Afrika için iyimser tablo
Afrika kıtasının büyümeyi sürdüreceği belirtilen raporda, 2011 yılında yüzde
2,7 oranında ekonomik büyüme görülen Afrika kıtasında bu oranın 2012 yılında
yüzde 5'e, 2013 yılında ise yüzde 5,1'e yükselmesinin beklenildiği, ancak bu
oranın askeri ihtilaflar, yolsuzluk, altyapı yetersizliği ve kuraklık gibi
nedenlerden dolayı kıtanın değişik ülkelerinde büyük değişiklikler göstereceğine
işaret edildi. Afrika kıtasında işsizlik ve yoksulluğun istikrarsızlık kaynağı
olduğu vurgulanan raporda, kıtadaki en büyük ekonomik büyümenin Güney Afrika'da
yaşanacağı belirtildi. Arap dünyasındaki
ekonomik manzaranın ise Arap Baharının bölgeye getirdiği siyasi geçiş dönemleri
ve protestolar nedeniyle büyük oranda belirsiz olacağı, bölgedeki ekonomik
büyümenin yüzde 6,6'dan yüzde 3,7'ye düşmesinin beklendiği belirtildi. Ayrıca
bölgedeki huzursuzluğun, ticaret ve turizm gelirlerini özellikle Lübnan'da bir
hayli etkilediğinin de altı çizildi. Bölgede işsizliğin aynen Avrupa ve
Afrika'da olduğu gibi büyük problem olmayı sürdürdüğü de belirtilen raporda, bu
bölgedeki işsizlik oranının (özellikle de eğitimli gençler arasında) dünyadaki
en büyük işsizlik oranı olduğu ve bu problemin çözülmemesi halinde bölgede
istikrarın sağlanması önündeki en büyük tehdidi teşkil ettiği vurgulandı.
Belirleyici olan AB ve ABD'nin
durumu Doğu Asya'da ekonomik büyümenin
2012 ve 2013 yıllarında yüzde 6,9 oranına düşmesinin beklendiği bildirilen
raporda, bölgenin en büyük ekonomisi olan Çin'deki ekonomik büyümenin de yüzde
9,3'den 2012'de yüzde 8,7'ye düşmesinin öngörüldüğü kaydedildi.

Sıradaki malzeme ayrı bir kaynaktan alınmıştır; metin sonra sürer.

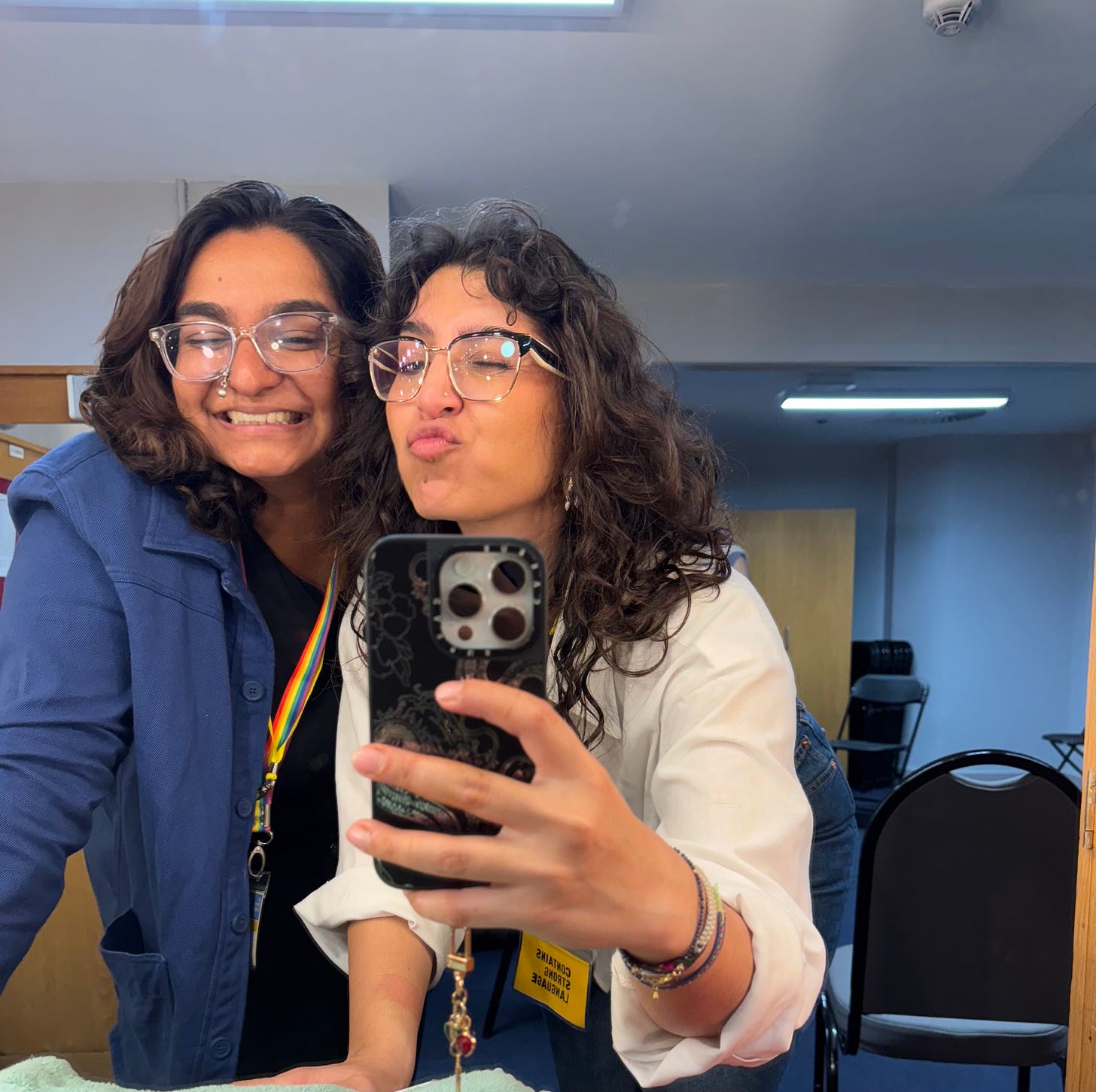 me and megha - two curly haired, four-eyed, bisexual, fluid babes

Raporda Güney Asya, Latin Amerika ve Karayip
bölgelerinin durumunun büyük oranda AB ve ABD ekonomilerinin durumuna bağlı
olduğu, çünkü AB ve ABD'nin bu bölgelerin en büyük ihracat pazarları ve turizm
gelir kaynakları olduğuna işaret edildi. Raporda Latin Amerika'nın önemli
yatırımcısı olan Çin'in ekonomik yavaşlamasının, Güney Amerika bölgesini de
olumsuz etkileyeceği vurgulandı. Raporla ilgili
olarak Meksika'da düzenlenen basın toplantısında konuşan BM ekonomisti Rob Vos,
''Avrupa ve ABD'de ekonomik durumun daha da kötüye gitme riski arttı. Bu yüzden
Güney Amerika ve Karayip ekonomileri bundan büyük zarar görecek ve ekonomik
büyümeleri yüzde 1'in altına düşebilecek. ABD ekonomisinin durumundan dolayı
Brezilya ve Meksika durgunluğa gidiyor'' diye konuştu.
Türkiye
Raporda Türkiye 'Batı Asya' coğrafi
bölgesinde yer aldı ve 2011 yılının ikinci yarısında güçlü ekonomik
faaliyetlerin biraz zayıfladığı, ekonomik büyümedeki ivmenin yavaşladığı, bu
yavaşlama eğiliminin 2012 yılında da süreceği, enflasyonun ise artmasının
öngörüldüğü belirtildi. 2011 yılında Türkiye'nin cari açığının GSYH'nın yüzde
10'una kadar genişlediği de anımsatıldı. Raporda, Türkiye'deki ekonomik
büyümenin 2012 yılında yüzde 3,2 oranında, 2013 yılında ise yüzde 5,4 oranında
olacağı öngörüsünde bulunuldu. Diğer
belli başlı bölgeler ve ülkelerdeki oranlar
Büyüme oranlarının AB ülkeleri için 2012
yılında yüzde 0,7, 2013 yılında 1,7; gelişmiş ülkeler için 2012'de yüzde 1,3,
2013'de ise yüzde 1,9; gelişmekte olan ülkeler için 2012 yılında yüzde 5,6, 2013
yılında 5,9 oranında olmasının öngörüldüğü kaydedildi. Raporda, ABD'nin
ekonomik büyümesinin 2012 yılında yüzde 1,5, 2013 yılında yüzde 2, en fazla
büyümenin kaydedildiği Çin'de ise ekonomik büyümenin 2012 yılında yüzde 8,7,
2013'te ise yüzde 8,5 oranında olacağı öngörüldü.